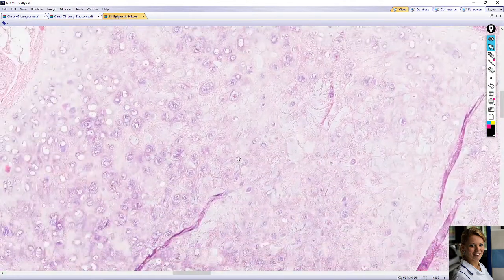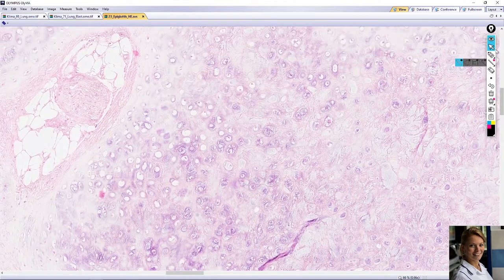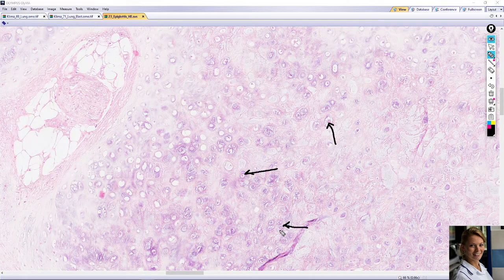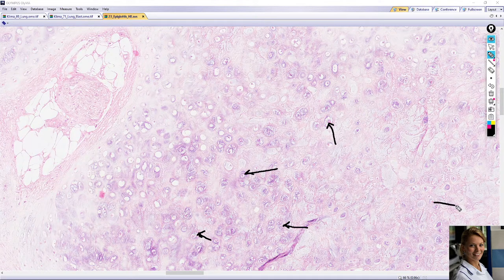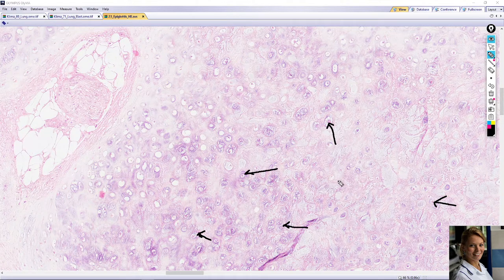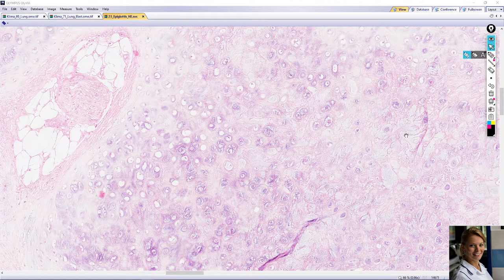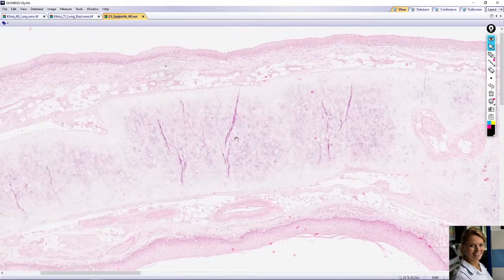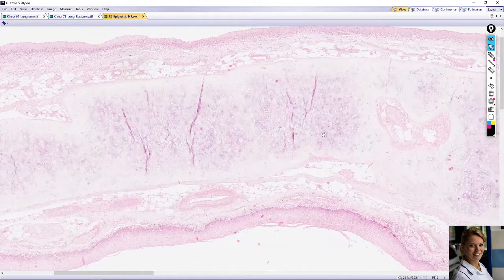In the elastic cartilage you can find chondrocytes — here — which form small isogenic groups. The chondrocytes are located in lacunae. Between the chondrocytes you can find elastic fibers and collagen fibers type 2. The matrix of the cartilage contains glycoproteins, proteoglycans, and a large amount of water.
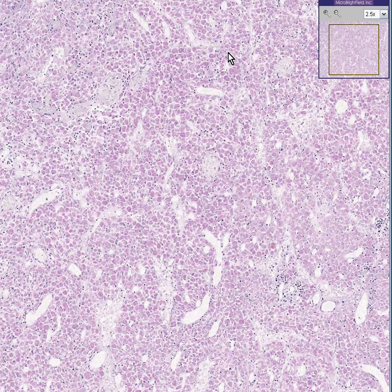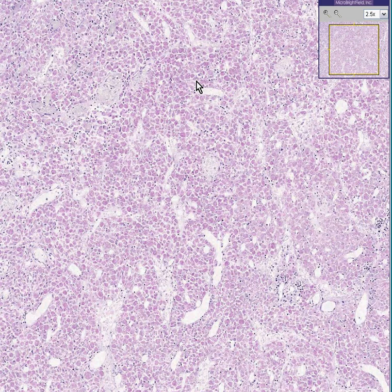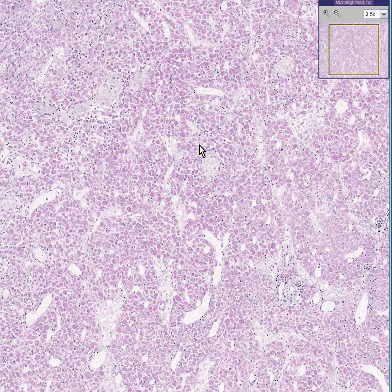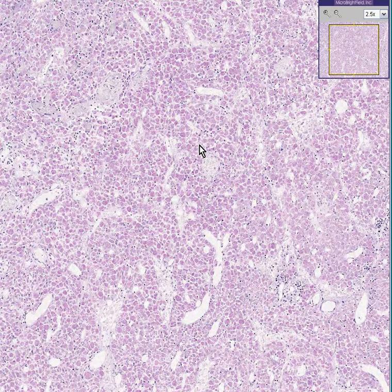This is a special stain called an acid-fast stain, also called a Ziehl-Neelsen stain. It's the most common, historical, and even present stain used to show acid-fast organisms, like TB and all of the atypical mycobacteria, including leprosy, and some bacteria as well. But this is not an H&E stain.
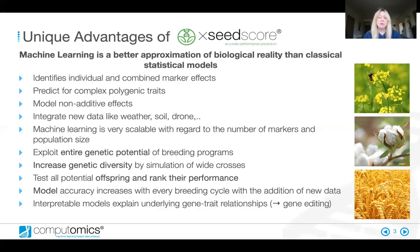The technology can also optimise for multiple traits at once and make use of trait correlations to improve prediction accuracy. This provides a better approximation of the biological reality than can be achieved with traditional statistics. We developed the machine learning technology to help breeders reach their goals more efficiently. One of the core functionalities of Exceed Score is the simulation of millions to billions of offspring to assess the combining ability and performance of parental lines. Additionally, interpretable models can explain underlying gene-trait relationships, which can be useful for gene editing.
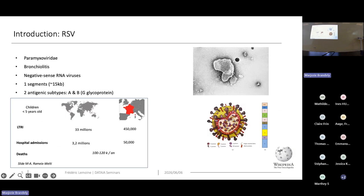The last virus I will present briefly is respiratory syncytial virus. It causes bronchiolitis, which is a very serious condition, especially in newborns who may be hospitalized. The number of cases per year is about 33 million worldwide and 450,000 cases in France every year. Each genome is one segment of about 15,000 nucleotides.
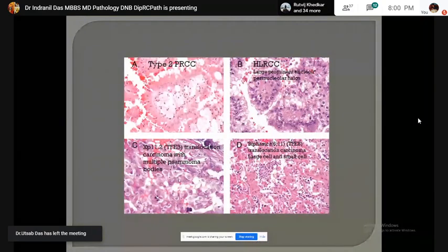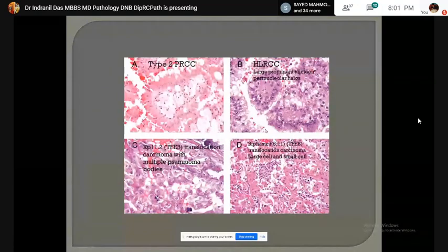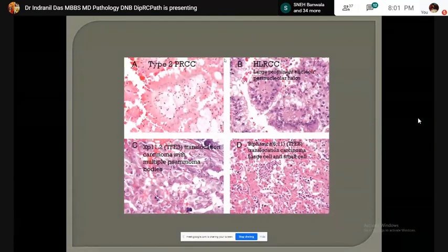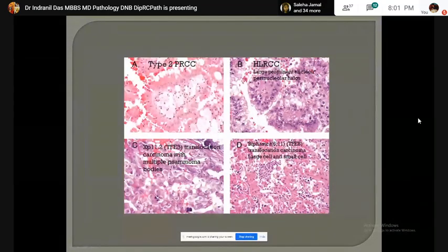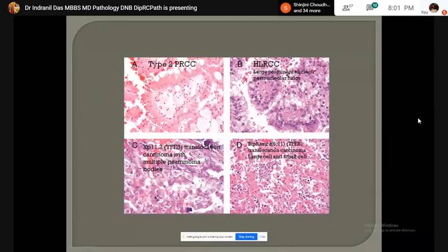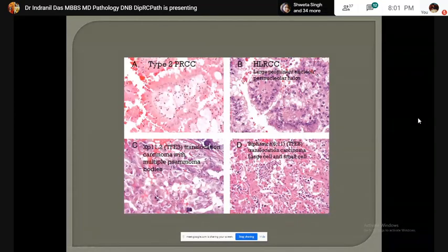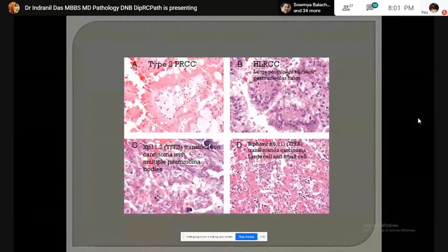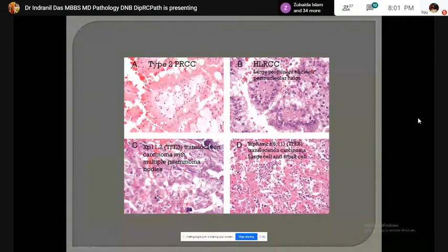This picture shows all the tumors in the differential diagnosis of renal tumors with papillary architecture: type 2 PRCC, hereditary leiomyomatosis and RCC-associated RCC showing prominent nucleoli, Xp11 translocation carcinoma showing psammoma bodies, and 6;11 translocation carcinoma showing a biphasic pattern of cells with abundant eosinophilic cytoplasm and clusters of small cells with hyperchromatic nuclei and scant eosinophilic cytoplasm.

----

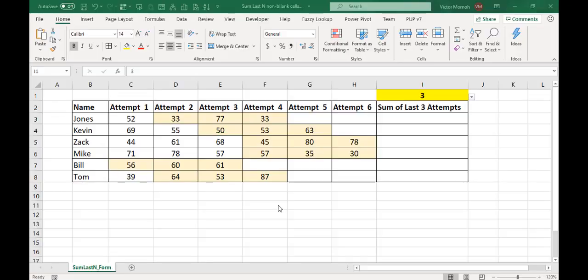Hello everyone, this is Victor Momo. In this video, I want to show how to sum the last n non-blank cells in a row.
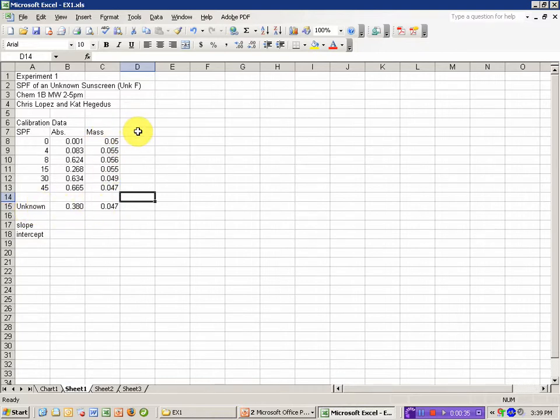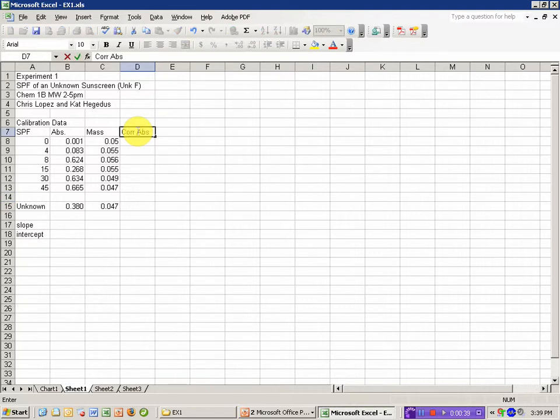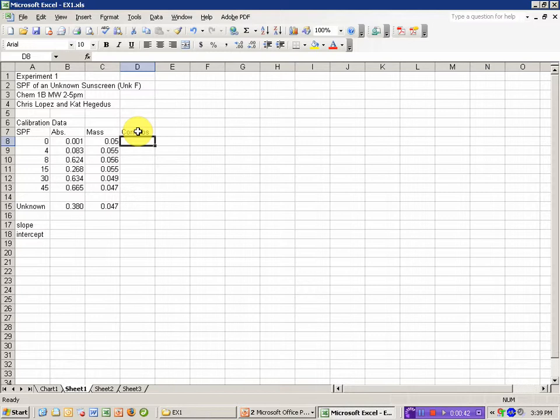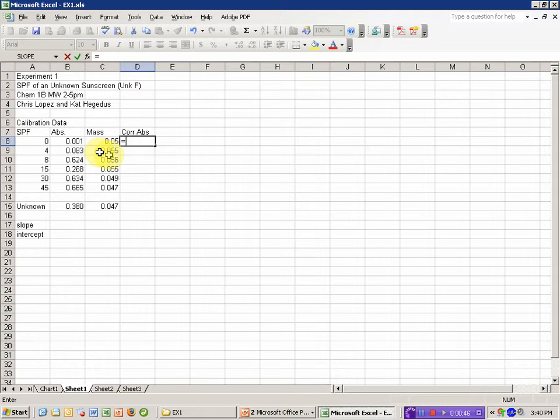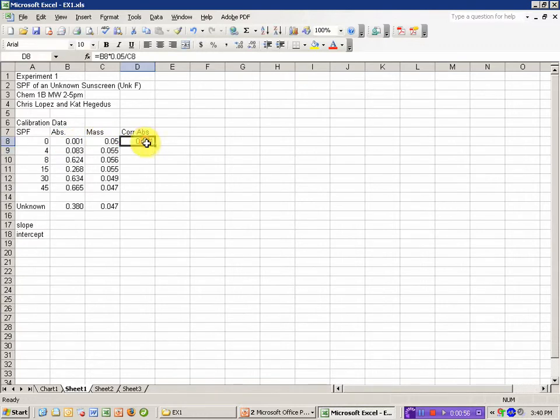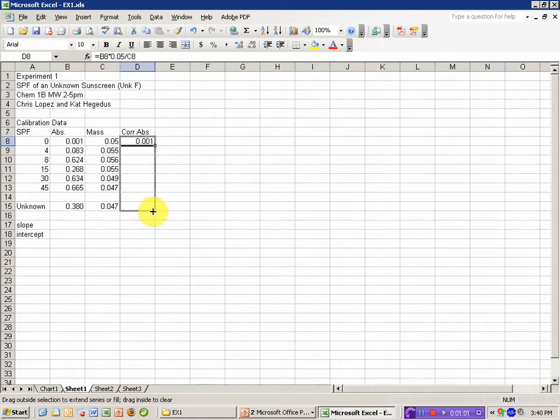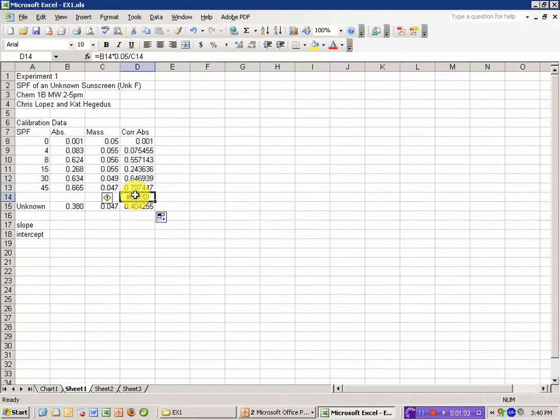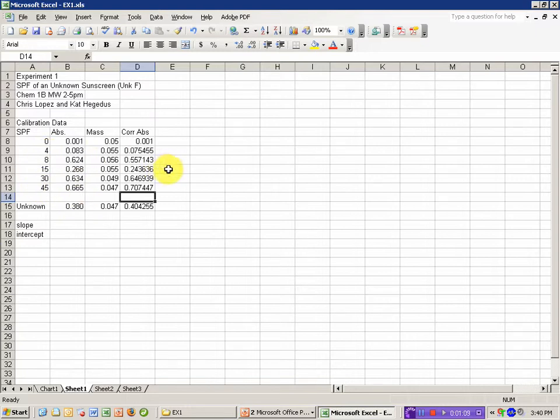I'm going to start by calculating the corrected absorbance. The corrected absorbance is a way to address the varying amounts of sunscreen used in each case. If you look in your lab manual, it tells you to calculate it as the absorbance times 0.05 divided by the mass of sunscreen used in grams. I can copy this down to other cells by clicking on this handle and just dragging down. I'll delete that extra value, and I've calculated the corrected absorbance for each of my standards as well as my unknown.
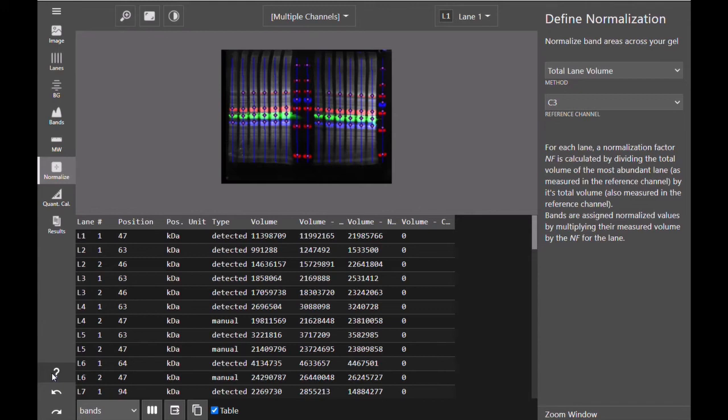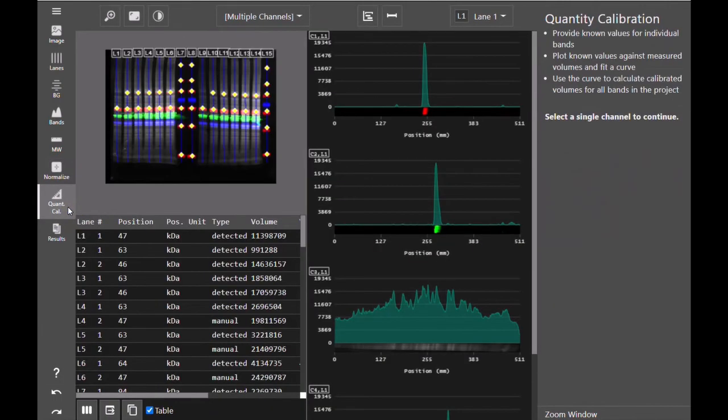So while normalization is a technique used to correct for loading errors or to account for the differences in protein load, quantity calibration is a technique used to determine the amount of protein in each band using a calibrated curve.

----

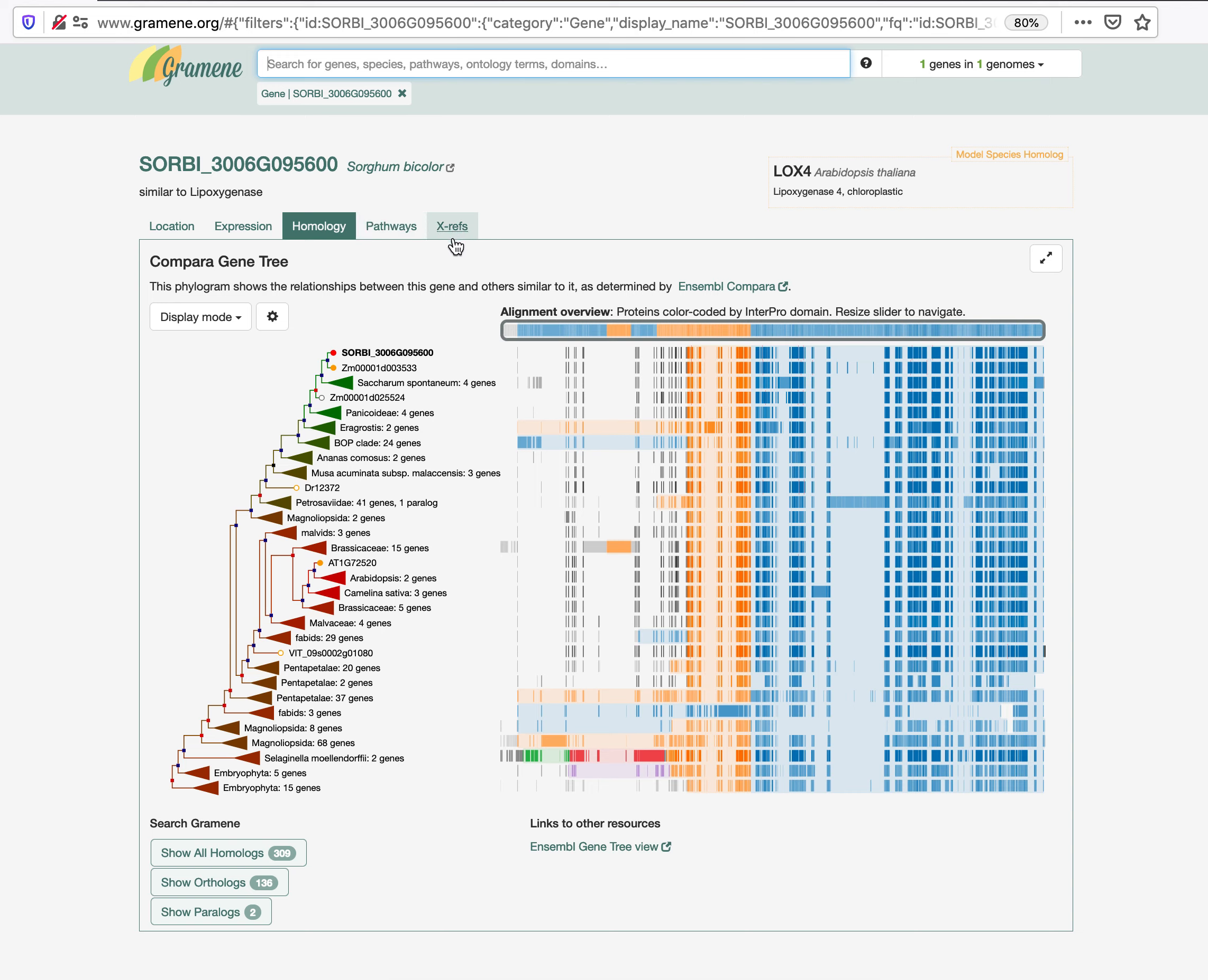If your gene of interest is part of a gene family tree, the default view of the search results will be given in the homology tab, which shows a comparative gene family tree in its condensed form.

----

### YOUR INSTRUCTIONS:
Copy word for word the lines above, starting at the line containing "In the elastic" and ending at the line containing "The technology can", inclusive, with no pictures.

### RESPONSE:
In the elastic cartilage you can find chondrocytes — here — which form small isogenic groups. The chondrocytes are located in lacunae. Between the chondrocytes you can find elastic fibers and collagen fibers type 2. The matrix of the cartilage contains glycoproteins, proteoglycans, and a large amount of water.
This is a special stain called an acid-fast stain, also called a Ziehl-Neelsen stain. It's the most common, historical, and even present stain used to show acid-fast organisms, like TB and all of the atypical mycobacteria, including leprosy, and some bacteria as well. But this is not an H&E stain.
The technology can also optimise for multiple traits at once and make use of trait correlations to improve prediction accuracy. This provides a better approximation of the biological reality than can be achieved with traditional statistics. We developed the machine learning technology to help breeders reach their goals more efficiently. One of the core functionalities of Exceed Score is the simulation of millions to billions of offspring to assess the combining ability and performance of parental lines. Additionally, interpretable models can explain underlying gene-trait relationships, which can be useful for gene editing.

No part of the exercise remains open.